[[ DATA FOR THIS EXERCISE open ]]

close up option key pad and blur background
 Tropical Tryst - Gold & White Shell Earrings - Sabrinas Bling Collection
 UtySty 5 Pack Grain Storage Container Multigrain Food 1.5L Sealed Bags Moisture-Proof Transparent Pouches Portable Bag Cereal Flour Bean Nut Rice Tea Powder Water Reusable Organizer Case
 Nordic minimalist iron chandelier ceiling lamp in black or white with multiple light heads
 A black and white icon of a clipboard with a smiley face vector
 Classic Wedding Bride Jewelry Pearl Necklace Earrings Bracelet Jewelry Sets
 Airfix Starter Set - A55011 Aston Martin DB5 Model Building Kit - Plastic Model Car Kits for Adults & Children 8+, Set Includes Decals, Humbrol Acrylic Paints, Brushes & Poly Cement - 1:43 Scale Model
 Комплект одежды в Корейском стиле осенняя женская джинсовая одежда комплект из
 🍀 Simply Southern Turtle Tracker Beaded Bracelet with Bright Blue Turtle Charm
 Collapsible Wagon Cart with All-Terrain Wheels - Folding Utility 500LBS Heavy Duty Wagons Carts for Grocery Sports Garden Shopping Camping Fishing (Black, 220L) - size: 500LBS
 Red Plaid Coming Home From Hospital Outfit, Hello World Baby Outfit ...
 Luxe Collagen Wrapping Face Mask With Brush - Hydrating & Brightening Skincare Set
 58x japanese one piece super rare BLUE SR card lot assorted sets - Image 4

[[ DATA FOR THIS EXERCISE closed ]]

WHAT YOU HAVE TO DO:
From the line with "Classic Wedding Bride" to the end of the listing above, set down every line exactly as it appears, both ends included.

RESULT OF THE TASK:
 Classic Wedding Bride Jewelry Pearl Necklace Earrings Bracelet Jewelry Sets
 Airfix Starter Set - A55011 Aston Martin DB5 Model Building Kit - Plastic Model Car Kits for Adults & Children 8+, Set Includes Decals, Humbrol Acrylic Paints, Brushes & Poly Cement - 1:43 Scale Model
 Комплект одежды в Корейском стиле осенняя женская джинсовая одежда комплект из
 🍀 Simply Southern Turtle Tracker Beaded Bracelet with Bright Blue Turtle Charm
 Collapsible Wagon Cart with All-Terrain Wheels - Folding Utility 500LBS Heavy Duty Wagons Carts for Grocery Sports Garden Shopping Camping Fishing (Black, 220L) - size: 500LBS
 Red Plaid Coming Home From Hospital Outfit, Hello World Baby Outfit ...
 Luxe Collagen Wrapping Face Mask With Brush - Hydrating & Brightening Skincare Set
 58x japanese one piece super rare BLUE SR card lot assorted sets - Image 4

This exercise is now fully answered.